Wenn Alfred Grosser in seiner Wohnung im ruhigen Südwesten von Paris zum Gespräch empfing, nahm er sich Zeit. Dann hatte der Historiker und Politikwissenschaftler bereits einen Stoß an tagesaktuellen Zeitungen gelesen, sich auf den neuesten Stand gebracht, um nicht nur über die Geschichte Deutschlands und Frankreichs zu sprechen. Er kannte die Details der Debatten, hatte seine eigene, oft zugespitzte Meinung dazu. Gerne provozierte er auch mal, stets mit dem für ihn so typischen verschmitzten Lächeln. In den vergangenen Jahren war es ruhiger um ihn geworden. Kurz nach seinem 99. Geburtstag ist Alfred Grosser am Mittwoch in Paris gestorben. „Die deutsch-französische Gemeinschaft trägt heute Trauer“, sagte der französische Botschafter in Deutschland, François Delattre.
Alfred Grosser war ein Grenzgänger par excellence. Geboren im Jahr 1925 in Frankfurt am Main floh er mit seiner jüdischen Familie Ende 1933 nach Frankreich. Kurz nach der Ankunft in Saint-Germain-en-Laye bei Paris starb der Vater, der Kinderarzt und Wissenschaftler Paul Grosser. Mit der Mutter Lily Grosser erhielten auch die Kinder Margarethe und Alfred 1937 die französische Staatsbürgerschaft. Die Bezeichnung als Deutsch-Franzose lehnte er selbst lebhaft ab: „Nein, ich bin ein Franzose, der Deutschland gut kennt!“
Alfred Grosser galt als Wegbereiter des Élysée-Vertrags
Er galt als einer der intellektuellen Wegbereiter des Élysée-Vertrags, den Kanzler Konrad Adenauer und Präsident Charles de Gaulle im Januar 1963 als Grundlage für eine vertiefte Partnerschaft unterschrieben. Die Vereinbarung sah Grosser als „Höhepunkt einer Entwicklung, nicht als Beginn“. Eine wichtige Rolle hätten zuvor schon andere Staatsmänner wie Jean Monnet und Robert Schuman gespielt, die ersten Austausche ab 1946 stattgefunden.

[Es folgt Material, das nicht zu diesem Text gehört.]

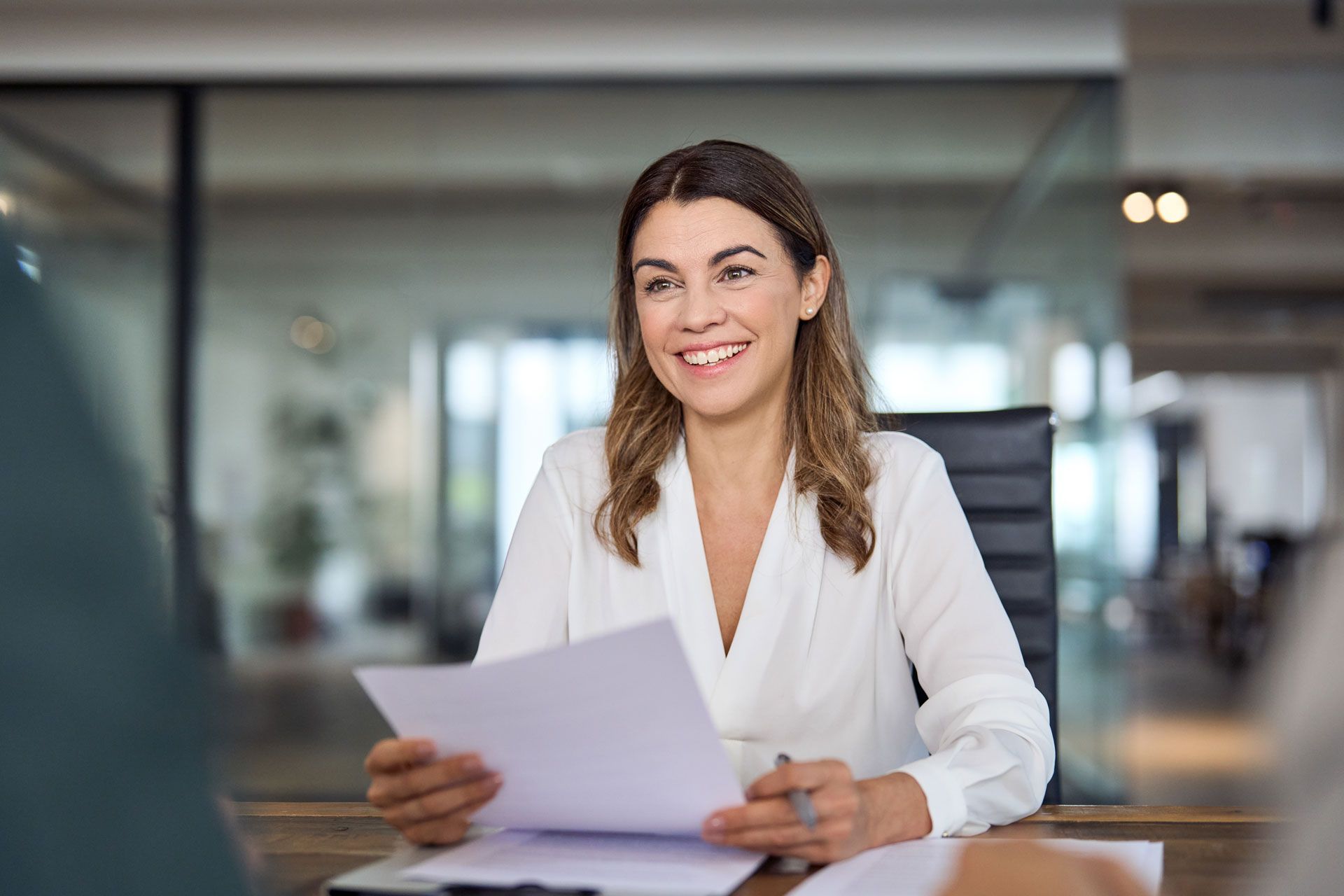 Woman in white blouse smiles, holding papers, at a table in an office setting.
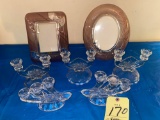 (2) Glass picture frames, glass candle holders.
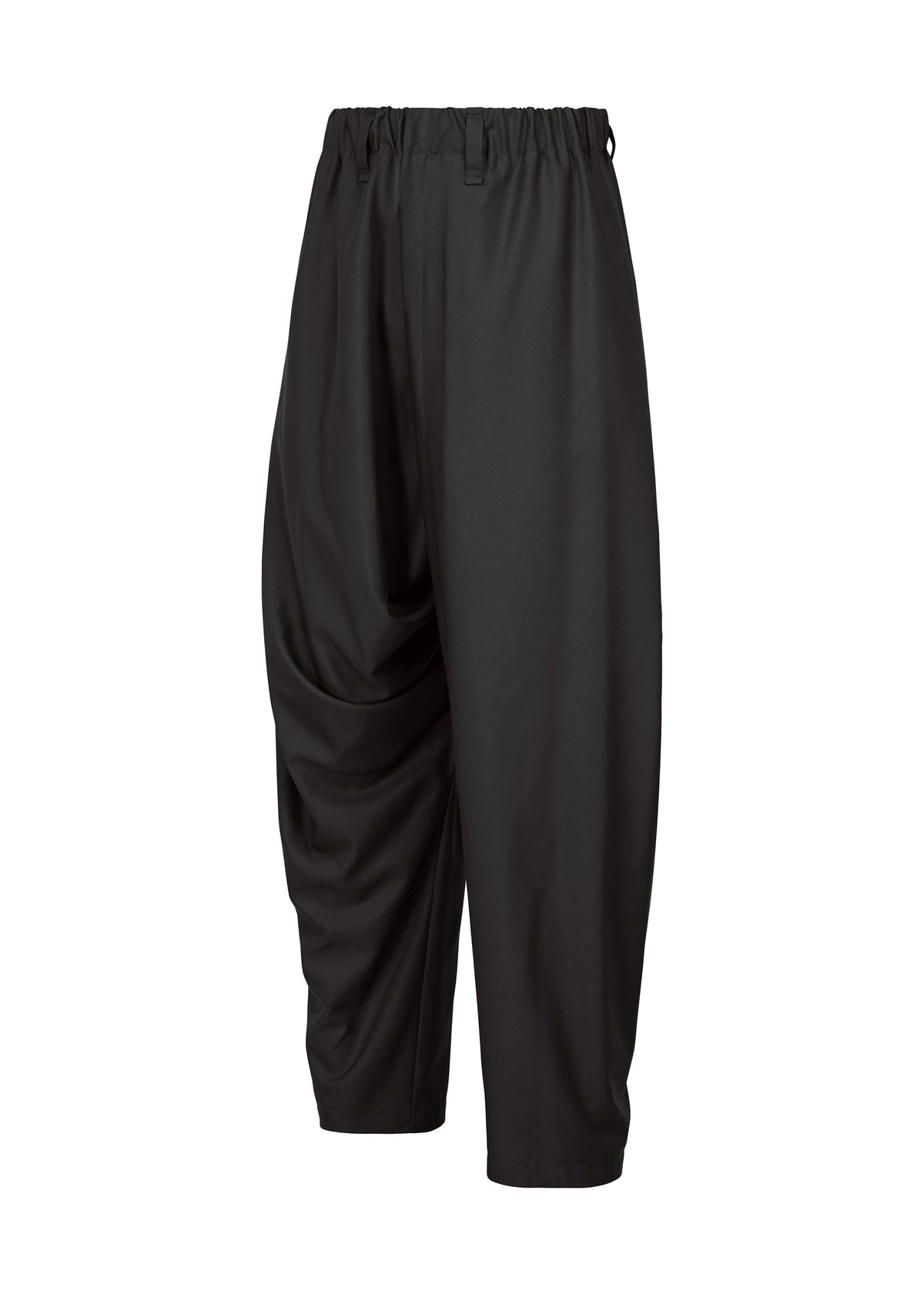 The SWING BLACK pants by IM MEN feature a loose fit, cropped length, elastic waistband, and asymmetrical draping in wrinkle-resistant fabric, shown against a white background. view 3 of 7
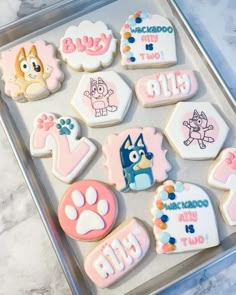 decorated cookies in the shape of dogs and cats on a cookie sheet with pink icing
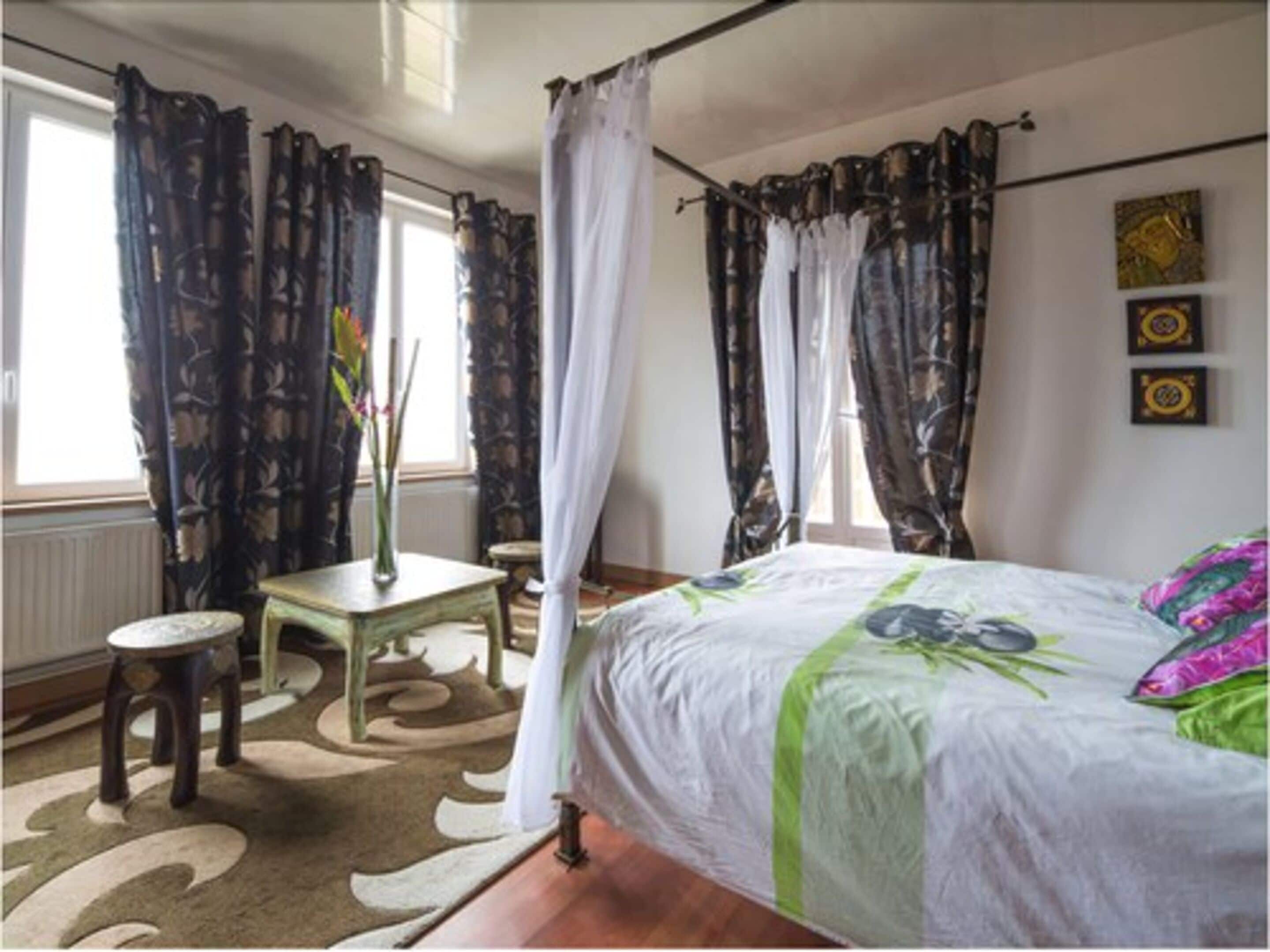 Un dormitorio con una cama, una mesita, una silla y un ventanal con cortinas.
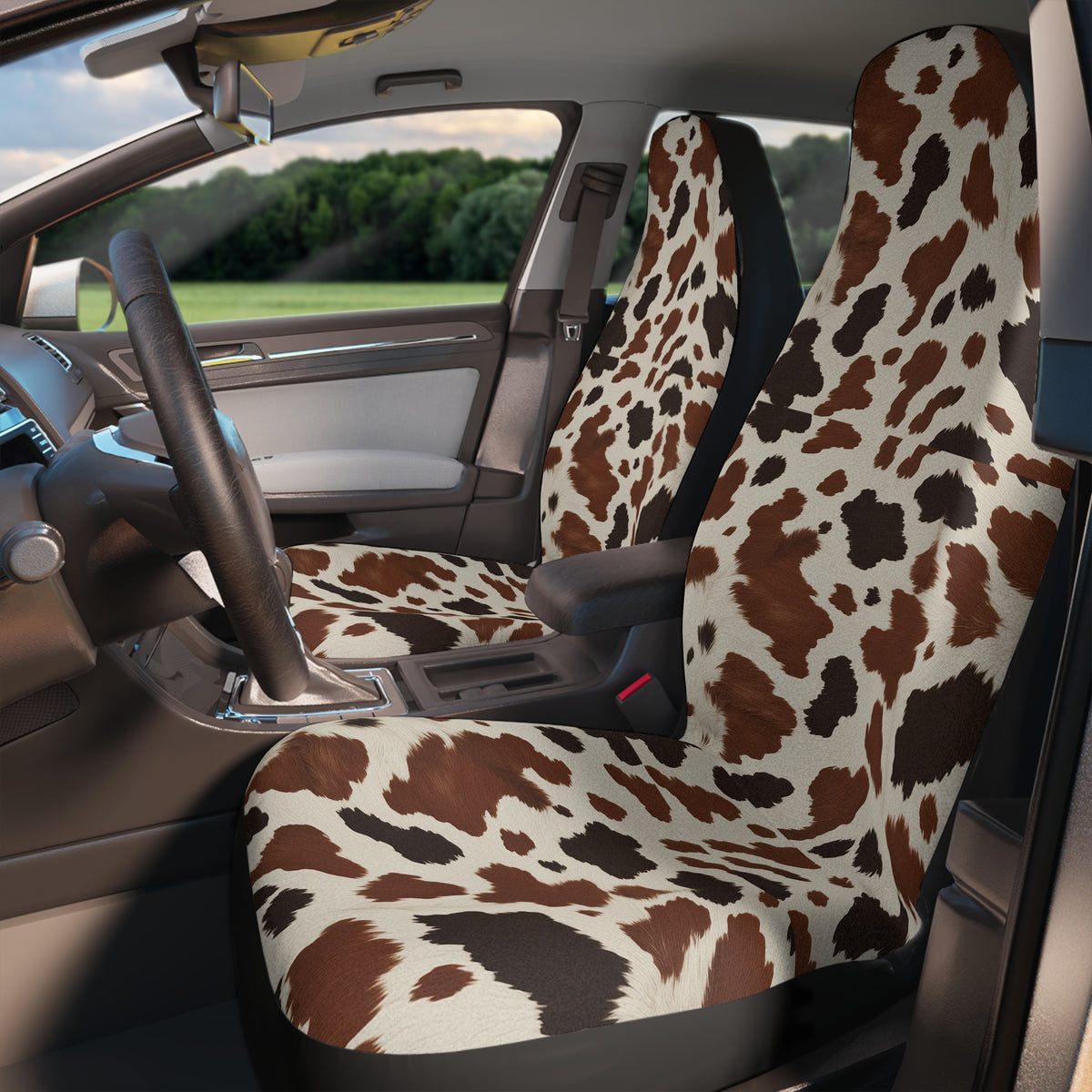 Black brown cow print car seat covers, fitted on the front seats of a car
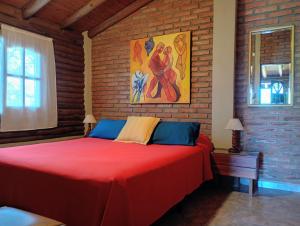 a bedroom with a red bed and a brick wall at Cabaña de troncos en Nono, Córdoba in Nono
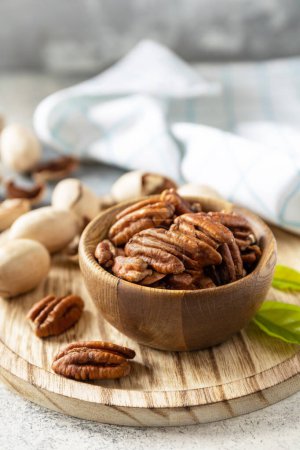 Photo for Nuts and seeds, healthy fats, various trace elements and vitamins. Bowl with pecan nuts on a stone table. Copy space. - Royalty Free Image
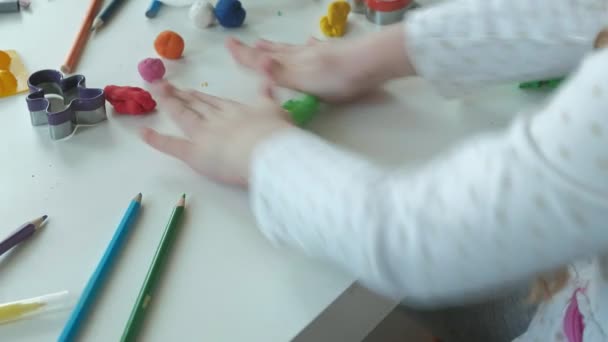 egy kis lány játszik a gyurmát, tekercs labdák, ábrák és a színes ceruza, az asztalon, a kezek finom motoros készségek fejlesztése - Felvétel, videó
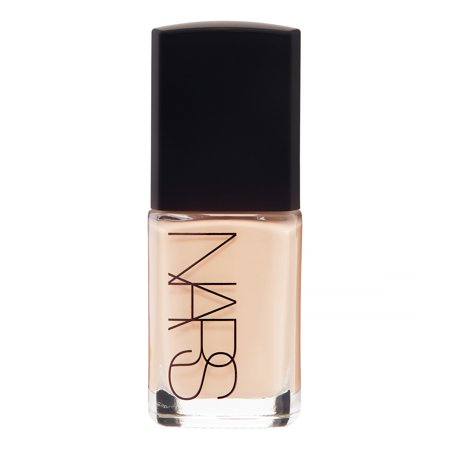 NARS Sheer Glow Foundation in a glass bottle with a black cap, featuring a light beige liquid inside and the NARS logo prominently displayed on the front.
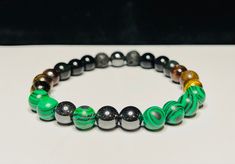 Hand-made bracelet, combining artwork with natural healing gemstones. This design represents the a lush mountain above a rich foundation, with hematite peaks. Stones used in this bracelet: - Hematite, green malachite, black obsidian, black lava, yellow tiger eye, red tiger eye, brown bronzite, black lava. - Aids with positivity, calm, balance, stress relief, self-esteem, and self-expression Each bracelet is hand-made upon ordering. Each size varies with stone usage while following the basic pattern of the artwork. SIZE: Please measure where you will wear the bracelet. A soft seamstress-style measuring tape can be used to provide the measurement of the wrist. PRODUCTION & SHIPPING: - All items are made to order - Your order will be created and shipped within 2-4 business days - Shipping tim Spiritual Hematite Beaded Bracelet With Natural Stones, Healing Hematite Bracelets With Natural Stones, Healing Hematite Bracelet With Natural Stones, Hematite Beaded Bracelets With Natural Stones As Gift, Handmade Hematite Crystal Bracelet Gift, Spiritual Hematite Bracelet With Natural Stones, Hematite Stretch Bracelet As Gift, Handmade Hematite Spiritual Bracelets, Hematite Bracelets With Natural Stones For Gift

Als Inhaber eines Lehrstuhls an der Elitehochschule Institut d’Études Politiques de Paris („Sciences Po Paris“) prägte er Generationen von späteren Führungspersönlichkeiten beider Länder, darunter Frankreichs Ex-Premierminister Édouard Philippe. Dieser erzählte, wie er als 18-Jähriger am Abend des 9. November 1989 mit deutschen und französischen Kommilitonen in einem Kurs von Grosser saß, als der Direktor der Uni hereinplatzte und verkündete, dass die Berliner Mauer gefallen sei. Nach einem Moment der verblüfften Stille sprangen alle von ihren Sitzen auf, um zu jubeln und einander zu umarmen, so Philippe. Als wieder etwas Ruhe einkehrte, folgte Grossers Kommentar: „Ich weiß nicht, was mich mehr berührt: Die Tatsache, dass die Mauer gefallen ist oder die Tatsache, dass Sie so darauf reagieren.“
Grosser definierte sich als Atheist von "entspannter Ungläubigkeit"
Sich selbst definierte der Sohn jüdischer Eltern als Atheist von „entspannter Ungläubigkeit“, der dem Christentum nahestehe, auch aufgrund seiner katholischen Ehefrau Anne-Marie, der Mutter seiner vier Söhne. Zur Freiheit seines Denkens gehörte auch die Kritik an der israelischen Politik sowie an der für ihn zu nachsichtigen deutschen Haltung gegenüber Israel, unter anderem in seinem Buch „Von Auschwitz nach Jerusalem“. An die Regierung Israels, argumentierte er, gelte es dieselben Kriterien anzulegen wie an die eines jedes anderen Staates. 1993 wurde in den Universitäten Sciences Po Paris und Nancy ein „Lehrstuhl Alfred Grosser“ eingerichtet, im Jahr 2009 eine nach ihm benannte Gastprofessur an der Johann-Wolfgang-Goethe-Universität Frankfurt am Main. Auch publizierte er in zahlreichen französischen und deutschen Zeitungen, veröffentlichte Bücher und erhielt etliche Auszeichnungen, vom Großen Verdienstkreuz über die Französische Ehrenlegion bis zum Friedenspreis des Deutschen Buchhandels (1975), dem Theodor-Heuss-Preis (2013) und dem Henri-Nannen-Preis (2014).